Short text fragments from websites
-.-.-
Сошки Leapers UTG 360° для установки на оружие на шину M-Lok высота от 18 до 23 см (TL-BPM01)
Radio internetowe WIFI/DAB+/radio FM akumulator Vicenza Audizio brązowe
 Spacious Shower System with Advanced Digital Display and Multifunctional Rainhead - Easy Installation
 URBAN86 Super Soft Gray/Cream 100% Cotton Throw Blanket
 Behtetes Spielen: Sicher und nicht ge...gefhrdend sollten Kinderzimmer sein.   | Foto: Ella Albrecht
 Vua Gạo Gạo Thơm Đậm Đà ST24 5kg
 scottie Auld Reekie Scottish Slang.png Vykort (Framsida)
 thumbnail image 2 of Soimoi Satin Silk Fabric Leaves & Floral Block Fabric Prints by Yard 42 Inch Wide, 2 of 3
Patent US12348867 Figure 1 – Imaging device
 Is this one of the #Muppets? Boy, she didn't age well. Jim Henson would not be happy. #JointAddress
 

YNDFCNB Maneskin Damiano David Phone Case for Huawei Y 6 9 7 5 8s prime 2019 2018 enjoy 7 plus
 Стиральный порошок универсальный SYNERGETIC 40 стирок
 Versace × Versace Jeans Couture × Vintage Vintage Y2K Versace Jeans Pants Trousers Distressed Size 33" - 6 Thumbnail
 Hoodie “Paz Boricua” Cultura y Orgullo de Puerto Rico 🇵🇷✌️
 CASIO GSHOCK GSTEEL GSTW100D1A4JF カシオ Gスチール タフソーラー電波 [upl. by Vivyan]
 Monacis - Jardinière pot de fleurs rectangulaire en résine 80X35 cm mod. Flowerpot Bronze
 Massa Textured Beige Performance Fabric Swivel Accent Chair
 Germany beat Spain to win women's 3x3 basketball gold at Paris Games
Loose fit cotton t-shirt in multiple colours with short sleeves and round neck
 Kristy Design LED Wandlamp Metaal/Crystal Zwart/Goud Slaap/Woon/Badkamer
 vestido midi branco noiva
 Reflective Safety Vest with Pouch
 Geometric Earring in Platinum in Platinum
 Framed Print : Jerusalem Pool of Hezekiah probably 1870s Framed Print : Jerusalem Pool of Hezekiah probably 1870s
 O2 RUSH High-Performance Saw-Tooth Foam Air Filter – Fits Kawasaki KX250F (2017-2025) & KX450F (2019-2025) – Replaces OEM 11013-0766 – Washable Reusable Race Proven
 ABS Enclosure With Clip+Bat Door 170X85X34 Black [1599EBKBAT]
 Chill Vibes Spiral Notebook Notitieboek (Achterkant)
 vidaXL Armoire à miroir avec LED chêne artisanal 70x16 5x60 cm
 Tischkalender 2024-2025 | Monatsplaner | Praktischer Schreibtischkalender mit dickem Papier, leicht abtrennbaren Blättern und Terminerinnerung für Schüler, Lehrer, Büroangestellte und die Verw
-.-.-
- THE TASK
What you return must be the entries, given again word for word.

- TASK SOLUTION
Сошки Leapers UTG 360° для установки на оружие на шину M-Lok высота от 18 до 23 см (TL-BPM01)
Radio internetowe WIFI/DAB+/radio FM akumulator Vicenza Audizio brązowe
 Spacious Shower System with Advanced Digital Display and Multifunctional Rainhead - Easy Installation
 URBAN86 Super Soft Gray/Cream 100% Cotton Throw Blanket
 Behtetes Spielen: Sicher und nicht ge...gefhrdend sollten Kinderzimmer sein.   | Foto: Ella Albrecht
 Vua Gạo Gạo Thơm Đậm Đà ST24 5kg
 scottie Auld Reekie Scottish Slang.png Vykort (Framsida)
 thumbnail image 2 of Soimoi Satin Silk Fabric Leaves & Floral Block Fabric Prints by Yard 42 Inch Wide, 2 of 3
Patent US12348867 Figure 1 – Imaging device
 Is this one of the #Muppets? Boy, she didn't age well. Jim Henson would not be happy. #JointAddress
 

YNDFCNB Maneskin Damiano David Phone Case for Huawei Y 6 9 7 5 8s prime 2019 2018 enjoy 7 plus
 Стиральный порошок универсальный SYNERGETIC 40 стирок
 Versace × Versace Jeans Couture × Vintage Vintage Y2K Versace Jeans Pants Trousers Distressed Size 33" - 6 Thumbnail
 Hoodie “Paz Boricua” Cultura y Orgullo de Puerto Rico 🇵🇷✌️
 CASIO GSHOCK GSTEEL GSTW100D1A4JF カシオ Gスチール タフソーラー電波 [upl. by Vivyan]
 Monacis - Jardinière pot de fleurs rectangulaire en résine 80X35 cm mod. Flowerpot Bronze
 Massa Textured Beige Performance Fabric Swivel Accent Chair
 Germany beat Spain to win women's 3x3 basketball gold at Paris Games
Loose fit cotton t-shirt in multiple colours with short sleeves and round neck
 Kristy Design LED Wandlamp Metaal/Crystal Zwart/Goud Slaap/Woon/Badkamer
 vestido midi branco noiva
 Reflective Safety Vest with Pouch
 Geometric Earring in Platinum in Platinum
 Framed Print : Jerusalem Pool of Hezekiah probably 1870s Framed Print : Jerusalem Pool of Hezekiah probably 1870s
 O2 RUSH High-Performance Saw-Tooth Foam Air Filter – Fits Kawasaki KX250F (2017-2025) & KX450F (2019-2025) – Replaces OEM 11013-0766 – Washable Reusable Race Proven
 ABS Enclosure With Clip+Bat Door 170X85X34 Black [1599EBKBAT]
 Chill Vibes Spiral Notebook Notitieboek (Achterkant)
 vidaXL Armoire à miroir avec LED chêne artisanal 70x16 5x60 cm
 Tischkalender 2024-2025 | Monatsplaner | Praktischer Schreibtischkalender mit dickem Papier, leicht abtrennbaren Blättern und Terminerinnerung für Schüler, Lehrer, Büroangestellte und die Verw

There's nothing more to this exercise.